*TASK ITEM*. Would you please copy each line below that includes the string "profile"?

*EXERCISE INPUTS*.
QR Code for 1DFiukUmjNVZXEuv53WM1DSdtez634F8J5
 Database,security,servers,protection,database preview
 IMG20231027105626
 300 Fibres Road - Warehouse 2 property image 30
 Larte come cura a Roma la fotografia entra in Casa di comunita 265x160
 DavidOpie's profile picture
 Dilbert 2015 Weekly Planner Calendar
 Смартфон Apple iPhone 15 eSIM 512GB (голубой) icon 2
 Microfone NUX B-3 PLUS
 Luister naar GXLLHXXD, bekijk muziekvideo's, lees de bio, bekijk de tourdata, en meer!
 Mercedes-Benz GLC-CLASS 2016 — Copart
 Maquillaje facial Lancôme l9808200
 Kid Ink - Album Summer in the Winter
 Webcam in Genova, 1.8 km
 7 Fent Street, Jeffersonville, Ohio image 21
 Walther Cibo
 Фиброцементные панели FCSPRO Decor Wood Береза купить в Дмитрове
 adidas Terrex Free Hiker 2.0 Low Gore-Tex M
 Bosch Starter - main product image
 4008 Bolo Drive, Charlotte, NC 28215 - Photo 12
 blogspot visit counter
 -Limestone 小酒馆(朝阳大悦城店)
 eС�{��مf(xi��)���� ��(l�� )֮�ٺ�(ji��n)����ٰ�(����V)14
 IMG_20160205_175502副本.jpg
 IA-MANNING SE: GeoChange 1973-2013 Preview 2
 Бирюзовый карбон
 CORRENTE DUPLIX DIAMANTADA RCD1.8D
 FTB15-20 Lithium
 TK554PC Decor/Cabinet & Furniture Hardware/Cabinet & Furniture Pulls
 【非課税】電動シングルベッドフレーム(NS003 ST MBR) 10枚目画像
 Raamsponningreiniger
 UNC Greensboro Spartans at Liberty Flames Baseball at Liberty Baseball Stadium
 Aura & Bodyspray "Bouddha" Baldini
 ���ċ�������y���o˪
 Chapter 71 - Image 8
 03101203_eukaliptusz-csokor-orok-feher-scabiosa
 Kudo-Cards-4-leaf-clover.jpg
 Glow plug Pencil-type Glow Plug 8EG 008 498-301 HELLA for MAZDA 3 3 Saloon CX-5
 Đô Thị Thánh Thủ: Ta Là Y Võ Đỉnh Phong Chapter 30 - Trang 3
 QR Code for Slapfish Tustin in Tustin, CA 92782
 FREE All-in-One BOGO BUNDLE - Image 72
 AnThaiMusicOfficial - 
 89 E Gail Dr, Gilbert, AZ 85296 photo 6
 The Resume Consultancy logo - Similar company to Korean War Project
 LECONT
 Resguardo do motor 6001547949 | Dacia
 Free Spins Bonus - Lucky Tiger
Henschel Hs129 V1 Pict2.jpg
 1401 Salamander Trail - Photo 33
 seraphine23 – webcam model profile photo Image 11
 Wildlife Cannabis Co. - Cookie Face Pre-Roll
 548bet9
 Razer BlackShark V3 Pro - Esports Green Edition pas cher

*OUTPUT FOR THIS TASK*.
 DavidOpie's profile picture
 seraphine23 – webcam model profile photo Image 11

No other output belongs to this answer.